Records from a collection
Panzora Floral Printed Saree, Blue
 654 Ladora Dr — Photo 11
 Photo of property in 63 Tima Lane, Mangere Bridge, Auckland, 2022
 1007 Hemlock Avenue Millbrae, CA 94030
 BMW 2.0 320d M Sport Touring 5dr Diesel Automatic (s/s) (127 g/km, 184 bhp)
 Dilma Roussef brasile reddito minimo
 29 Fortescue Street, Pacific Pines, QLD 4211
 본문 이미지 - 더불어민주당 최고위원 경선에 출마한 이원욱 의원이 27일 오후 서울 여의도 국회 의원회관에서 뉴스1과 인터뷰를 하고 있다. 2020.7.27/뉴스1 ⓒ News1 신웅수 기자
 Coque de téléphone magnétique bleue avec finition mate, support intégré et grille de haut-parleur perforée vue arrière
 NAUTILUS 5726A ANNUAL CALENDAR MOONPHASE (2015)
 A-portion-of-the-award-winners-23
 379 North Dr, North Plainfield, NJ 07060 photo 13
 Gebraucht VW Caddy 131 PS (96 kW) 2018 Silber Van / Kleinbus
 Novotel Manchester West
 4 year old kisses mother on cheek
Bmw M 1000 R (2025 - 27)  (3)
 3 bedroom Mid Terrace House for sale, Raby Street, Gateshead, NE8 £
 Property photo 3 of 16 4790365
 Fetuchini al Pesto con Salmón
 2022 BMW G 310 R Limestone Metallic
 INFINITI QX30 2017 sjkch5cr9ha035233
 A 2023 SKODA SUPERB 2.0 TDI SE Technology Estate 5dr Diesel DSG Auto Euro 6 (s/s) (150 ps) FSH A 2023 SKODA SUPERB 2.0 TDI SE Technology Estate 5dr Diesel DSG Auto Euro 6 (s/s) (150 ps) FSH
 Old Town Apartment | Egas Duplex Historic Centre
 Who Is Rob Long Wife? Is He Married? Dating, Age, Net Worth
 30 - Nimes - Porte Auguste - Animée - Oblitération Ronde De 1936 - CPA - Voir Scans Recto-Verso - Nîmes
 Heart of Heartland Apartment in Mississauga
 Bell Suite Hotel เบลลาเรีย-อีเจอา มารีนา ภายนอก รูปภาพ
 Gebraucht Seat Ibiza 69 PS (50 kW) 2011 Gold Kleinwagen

- _Task details_
Reproduce exactly the line that contains "Old Town Apartment" together with each line after it to the end of the entries; include no other lines.

- _Answer for this exercise_
 Old Town Apartment | Egas Duplex Historic Centre
 Who Is Rob Long Wife? Is He Married? Dating, Age, Net Worth
 30 - Nimes - Porte Auguste - Animée - Oblitération Ronde De 1936 - CPA - Voir Scans Recto-Verso - Nîmes
 Heart of Heartland Apartment in Mississauga
 Bell Suite Hotel เบลลาเรีย-อีเจอา มารีนา ภายนอก รูปภาพ
 Gebraucht Seat Ibiza 69 PS (50 kW) 2011 Gold Kleinwagen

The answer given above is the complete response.